If his marathon session in 2014
trumpeted the annexation of Crimea and issues of national pride, this year Mr.
Putin fielded questions from acrossRussia on issues like dairy cow production, small-business
loans and the rising price of car insurance.
Mr. Putin tried to paint an overall rosy
picture of the economy, noting that the ruble had stabilized and strengthened
even if inflation was over 11 percent. (Trading for as low as 80 to the dollar
in December and volatile all winter, the ruble has risen to about 50; it was at
34 a year ago.)
“Experts see that we have passed the
peak of the problems,” he said. “Nothing burst and everything works.” Mr. Putin promised tohelp dairy farmers get better
distribution and prices for their milk; told unpaid workers at the new national
space launch center that they would receive back pay; and vowed not to lower
public wages nationally even if his economic advisers pressed.
The questions
came from reporters interviewing Russians in various corners of the country,
the studio audience, callers and various forms of social media. The
broadcasters said they had received more than three million questions, a
record. Mr. Putin responded to roughly 70, and about half of them focused on
the state of the economy. Mr. Putin said
he had not heard that trucks trying to get onto the single ferry to Crimea
often waited in line for two weeks. (It was notable that the first mention of
Crimea, annexed by Russia from Ukraine last year, came about three hours and 40 minutes into
the program.)
When a weeping
woman was interviewed from an area of Siberia devastated by wildfires this
week, Mr. Putin spontaneously promised thousands of dollars to every family who
had lost a loved one or property. Foreign policy
issues did enter into the discussion, but the first question did not come until
an hour into the program.
And Mr.
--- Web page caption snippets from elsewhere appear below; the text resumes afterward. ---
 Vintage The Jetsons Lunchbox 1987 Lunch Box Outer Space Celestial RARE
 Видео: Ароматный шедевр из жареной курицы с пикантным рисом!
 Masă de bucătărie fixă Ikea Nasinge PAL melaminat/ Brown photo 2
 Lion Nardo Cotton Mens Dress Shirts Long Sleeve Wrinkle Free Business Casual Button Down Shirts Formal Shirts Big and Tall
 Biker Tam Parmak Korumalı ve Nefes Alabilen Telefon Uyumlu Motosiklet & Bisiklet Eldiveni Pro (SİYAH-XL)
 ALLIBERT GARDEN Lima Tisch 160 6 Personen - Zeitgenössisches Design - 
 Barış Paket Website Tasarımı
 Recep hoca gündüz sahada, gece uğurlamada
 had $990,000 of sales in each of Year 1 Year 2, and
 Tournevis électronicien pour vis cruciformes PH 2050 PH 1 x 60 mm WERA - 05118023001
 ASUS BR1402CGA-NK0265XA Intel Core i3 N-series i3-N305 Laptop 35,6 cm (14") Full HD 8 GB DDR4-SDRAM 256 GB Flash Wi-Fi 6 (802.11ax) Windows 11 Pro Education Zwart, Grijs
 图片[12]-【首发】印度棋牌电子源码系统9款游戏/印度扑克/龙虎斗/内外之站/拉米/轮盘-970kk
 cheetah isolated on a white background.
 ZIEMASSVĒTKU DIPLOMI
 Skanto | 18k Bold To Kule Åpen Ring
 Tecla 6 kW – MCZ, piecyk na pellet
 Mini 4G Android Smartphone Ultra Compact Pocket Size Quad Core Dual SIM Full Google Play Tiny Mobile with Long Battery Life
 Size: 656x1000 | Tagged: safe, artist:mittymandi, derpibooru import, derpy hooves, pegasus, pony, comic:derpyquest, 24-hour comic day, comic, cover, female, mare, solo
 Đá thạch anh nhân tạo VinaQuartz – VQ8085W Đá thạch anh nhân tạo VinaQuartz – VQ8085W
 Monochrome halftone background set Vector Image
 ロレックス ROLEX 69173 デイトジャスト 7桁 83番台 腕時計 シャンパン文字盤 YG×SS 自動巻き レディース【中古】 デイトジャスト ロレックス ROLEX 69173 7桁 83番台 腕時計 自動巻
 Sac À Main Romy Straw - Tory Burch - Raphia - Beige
Putin repeated many of Russia’s earlier
positions. The S-300 air
defense system he had announced this week that
Russia would deliver to Iran was a sale voluntarily suspended in 2010, he said,
adding that it was a defensive weapon and that Russia could use the money,
about $900 million. Although Ukraine
was failing to fulfill the Minsk cease-fire agreements when it came to
constitutional reform and financial support for the separatist regions, Russia
would stick with the accord, he said.
There are no Russian troops fighting in
Ukraine now, he said, and there will be no war along Russia’s southwestern
border. Mr. Putin took
several pot shots at the United States, blaming it for the rise of the Islamic
State, for example, through the destabilization of Iraq after the
American-orchestrated overthrow of Saddam Hussein. And he accused Washington of
pressuring world leaders into skipping Moscow’s celebration of the 70th
anniversary of the end of World War II in Europe. Mr. Putin has
two main public personas.
There is the angry Putin who sometimes seems to sneer
at the world and makes speeches like one exhorting security officers to stamp
out internal threats. Then there is the “good,” avuncular Putin who was on
display Thursday, giving mostly moderate answers to all manner of questions. In the fall, Mr.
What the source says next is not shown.